How political are the people in your country

Hanisauland: Lexicon @todo: from Preprocess

Why do people flee?

People flee in need because they want to avoid dangers, disasters or poverty. Many people are fleeing because there is was in their home country. They fear for their lives and the lives of their children. They are fleeing because they want to live in security and peace. Other people are persecuted because of their nationality, their affiliation with a certain religion or because of their political views. Still others flee because severe natural disasters have made their homeland uninhabitable or because of the poor economic conditions in their homeland. Some people flee alone, some with their families. And many thousands of children and adolescents even set off on the dangerous path to a safe country without their parents.

Why do many people live in refugee camps?
People at risk of hostilities and war in their home often try to live in other areas of their country. They are called "internally displaced persons" because they are on the run within their country. Around 45.7 million people worldwide are internally displaced. However, there is often no safe place in one's own country. That is why many refugees are leaving their country. A large number of the refugees are accepted into a refugee camp in a neighboring country.
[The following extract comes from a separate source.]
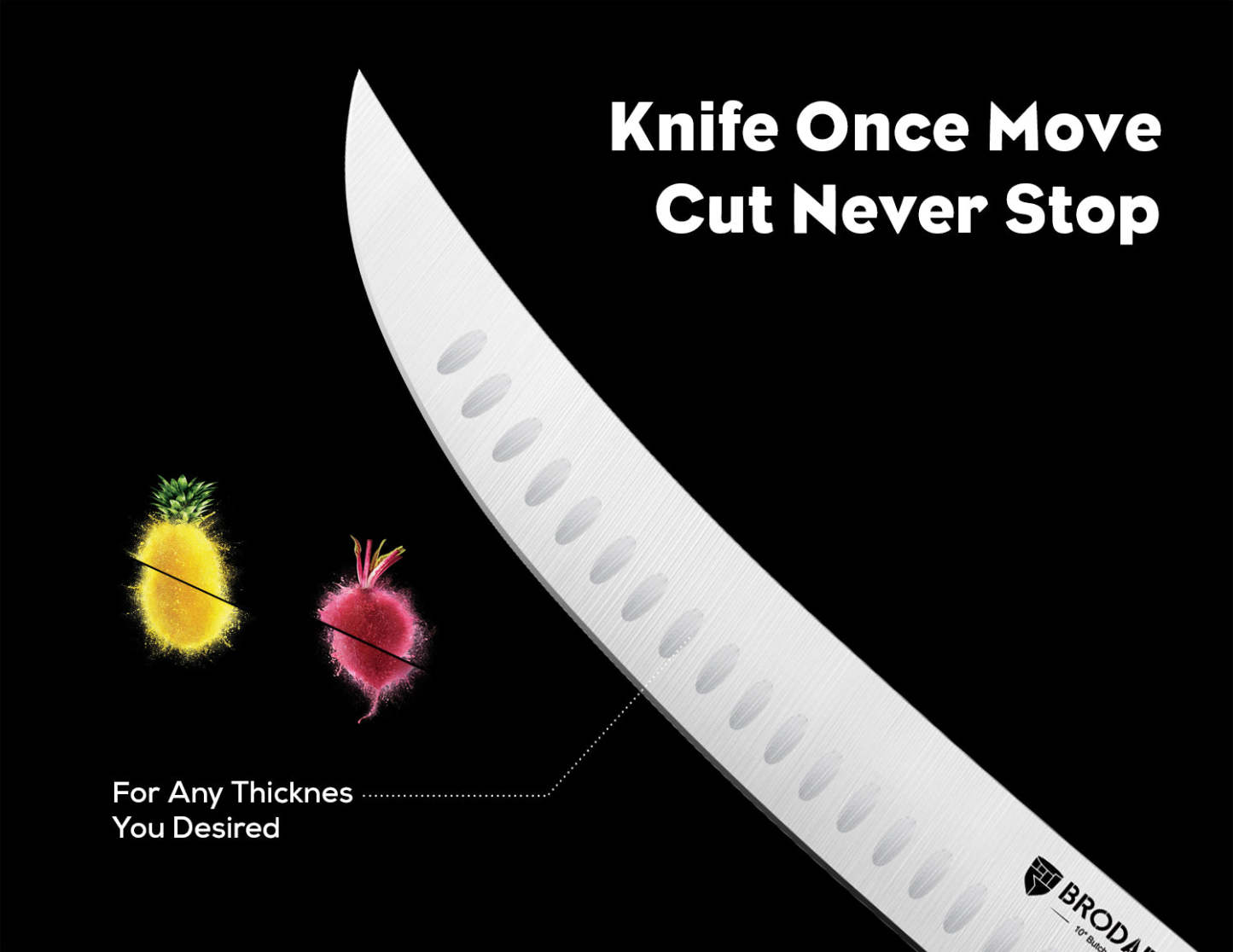 Butcher Knife - Shark Series - Brodark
In Lebanon and Turkey there have been large camps for civil war refugees from neighboring Syria for many years.
Life is difficult in the camps. People live in tents, they often have no work, the children cannot always go to school and have no prospect of a better life in the overcrowded refugee camps. The outbreak of the corona crisis made the situation in the camps even worse. Tests are often not available and medical care for infected people is inadequate.
There are also refugee camps in Europe. There the people who have fled to Europe are waiting to be granted the right to live in a European state.
Dangerous escape

Escape is always dangerous. Refugees are traveling abroad, they do not know where they will sleep at night, whether they will have enough to eat or whom they can trust. They often have to cross countries they do not know and whose language they do not speak. When they get sick, they have no doctor and often no medication.
Many people from Africa flee to Europe by boat across the Mediterranean. Most of the time they have to pay a lot of money to have someone help them escape. For the refugees, fleeing often means that their lives are in danger. The boats are usually much too small and not at all seaworthy. That is why many thousands of refugees have drowned while fleeing across the sea.

Smugglers and smugglers

These are people who help organize an escape for a lot of money. Many refugees do not know how to escape from their homeland. For a "normal" trip, for example by plane, you need a visa, i.e. an entry permit for a foreign country, and a passport. Most refugees don't have that. Smugglers obtain forged travel documents and organize a place on a refugee boat. Or they smuggle people across the border in cars. Terrible accidents happen again and again because most of the smugglers don't care about the lives of the refugees. They put them on unseaworthy boats or put them in unseaworthy cars or trucks. In Germany, many people smugglers have now been convicted of criminal trafficking in human beings.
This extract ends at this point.